Mélissa Medan : Je trouve la production ennuyeuse et en décalage par rapport à la démocratisation de la fabrication d’image et de ses plateformes de diffusion. Je ne suis pas excitée par les films qui sortent au cinéma. Je fais partie des gens qui passent beaucoup de temps sur Internet, sur les réseaux sociaux, sur les plateformes vidéo. Dans l’absence de hiérarchie d’Internet il y a un nouveau mode de consommation d’images, ainsi qu’un nouveau mode de production, qui ont leur propre richesse et qui pourraient être mis en valeur par l’industrie du cinéma, mais ce n’est pas le cas. Je trouve injuste qu’il faille se plier à tout un tas de contraintes « marchandes » pour pouvoir faire un film au sens « professionnel » du terme et espérer qu’il soit diffusé ou reconnu. Je suis assez réactionnaire par rapport à ça parce que je trouve que l’industrie cinématographique a vraiment des trains de retard.
KS : Pour vous, en quoi le combat de femmes dans le milieu de cinéma consiste-t-il ?
Mélissa Medan : Le combat des femmes dans le milieu du cinéma, je crois que je ne sais pas dire en quoi il consiste, je pense que plus que des choses à prouver, il y a des yeux à ouvrir. Mon combat personnel, en tant que femme mais surtout en tant qu’être humain, c’est de faire ce qui me fait plaisir. Pour moi, il est hors de question de me plier aux règles des marchés pour obtenir de l’intérêt ou de la reconnaissance. Je préfère faire une chose exactement comme je l’imagine, et qu’elle ne soit vue par personne, plutôt que de devoir faire milles compromis pour qu’on accepte que ce soit montré. J’ai besoin de m’amuser.
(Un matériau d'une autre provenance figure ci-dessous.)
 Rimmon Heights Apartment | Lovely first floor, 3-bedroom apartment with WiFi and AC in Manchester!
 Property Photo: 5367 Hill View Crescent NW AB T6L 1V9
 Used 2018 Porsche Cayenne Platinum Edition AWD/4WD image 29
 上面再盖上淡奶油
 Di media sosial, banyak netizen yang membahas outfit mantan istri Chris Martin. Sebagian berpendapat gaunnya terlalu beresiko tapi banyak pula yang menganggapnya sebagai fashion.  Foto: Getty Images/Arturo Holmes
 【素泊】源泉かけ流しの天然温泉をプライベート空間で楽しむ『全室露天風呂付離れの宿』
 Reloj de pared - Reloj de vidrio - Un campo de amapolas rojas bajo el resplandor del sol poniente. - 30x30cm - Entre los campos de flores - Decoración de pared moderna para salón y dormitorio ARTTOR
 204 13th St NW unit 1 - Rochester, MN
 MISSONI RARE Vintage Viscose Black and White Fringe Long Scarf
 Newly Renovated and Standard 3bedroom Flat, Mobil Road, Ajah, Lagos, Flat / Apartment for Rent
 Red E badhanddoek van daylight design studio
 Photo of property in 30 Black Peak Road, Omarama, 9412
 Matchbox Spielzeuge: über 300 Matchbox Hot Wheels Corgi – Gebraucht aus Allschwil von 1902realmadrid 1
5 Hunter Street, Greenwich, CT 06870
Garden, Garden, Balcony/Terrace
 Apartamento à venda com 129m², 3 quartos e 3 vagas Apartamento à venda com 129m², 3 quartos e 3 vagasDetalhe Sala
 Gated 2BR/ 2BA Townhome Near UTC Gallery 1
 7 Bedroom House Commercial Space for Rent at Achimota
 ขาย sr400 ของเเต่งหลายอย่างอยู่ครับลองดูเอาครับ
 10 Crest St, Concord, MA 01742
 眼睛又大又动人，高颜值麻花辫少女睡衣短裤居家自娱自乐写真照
KS : Pensez-vous déjà à un prochain projet ?
Mélissa Medan : En ce moment je raconte des histoires autrement. Je fabrique des carrés de soie peints à la main. On est loin du cinéma. Aussi je suis vendeuse dans un magasin de vêtements, c’est un spectacle permanent. Si je ressens le besoin de refaire un film, il parlera surement de ça. J’écris tout le temps, mais je ne suis pas tellement une réalisatrice, j’ai eu la chance de pouvoir répondre à certaines questions à travers l’objet filmique, mais l’ensemble de ce que je fais est un travail en cours, les choses s’alimentent entre elles.